For years, as most top tier Chinese solar manufacturing peers such as Trina Solar (TSL), Suntech Power (STP), and LDK Solar (LDK) concentrated on higher levels of integrations in efforts to preserve margins in a contracting pricing environment, JA Solar continued to emphasize its core solar cell manufacturing business. Instead of allocating high levels of capital expenditures on additional verticals, the company concentrated on improving its solar cell product. Instead of developing its own module brand in markets around the world, JASO partnered with established high tier module brands that coveted quality and performance in a highly commoditized market. Based on the company's recent results, JASO has proved the skeptics wrong.

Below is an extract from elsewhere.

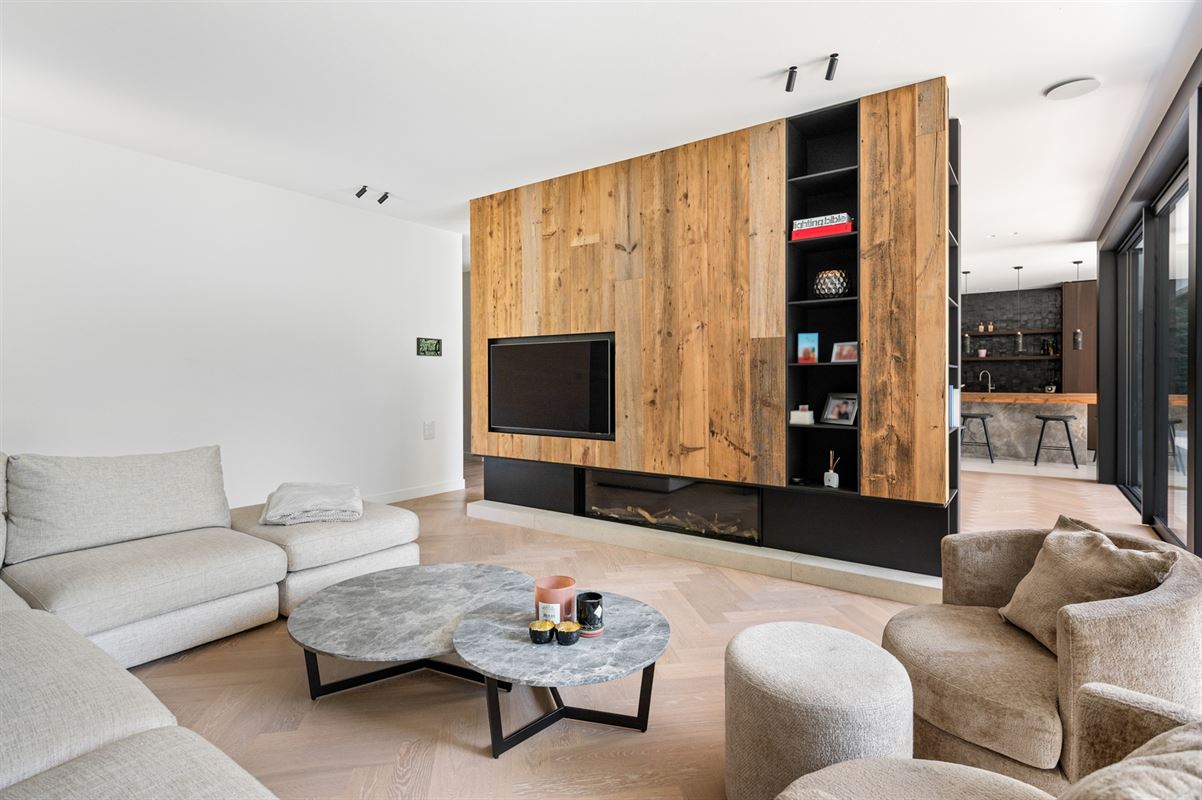 Luxury villa in quiet and discreet location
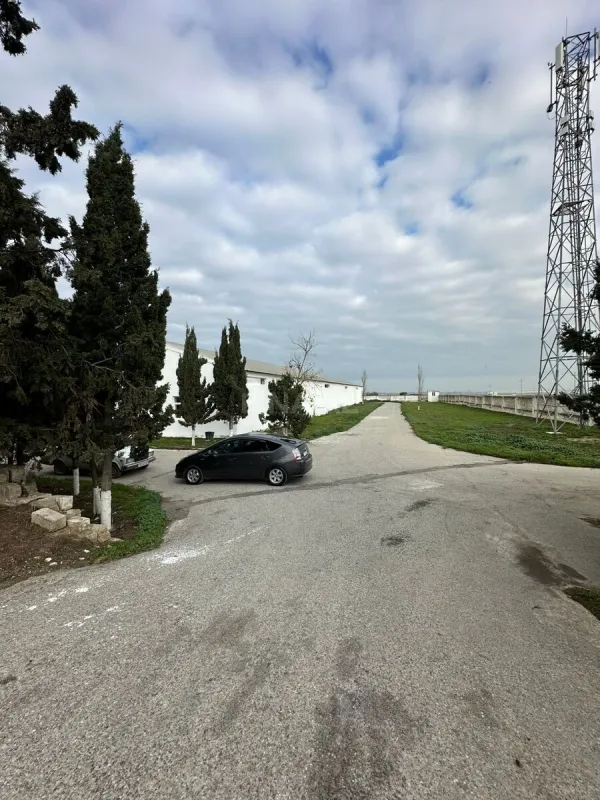 Kirayə verilir obyekt 648 m²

Although JA Solar, as noted in a previous article, did take several steps to integrate beyond its legacy single vertical, its core solar cell business still dominated quarterly shipment volume. In the first quarter of 2012, solar cell related shipments totaled 216MW out of a total of 366MW shipped. In previous quarters, solar cell shipment ratios were even higher and maintained at surprisingly high levels despite a 70% crash in pricing which bankrupted many less competitive peers such as once market leading German solar cell manufacturer Q-Cells (QCLSF.PK).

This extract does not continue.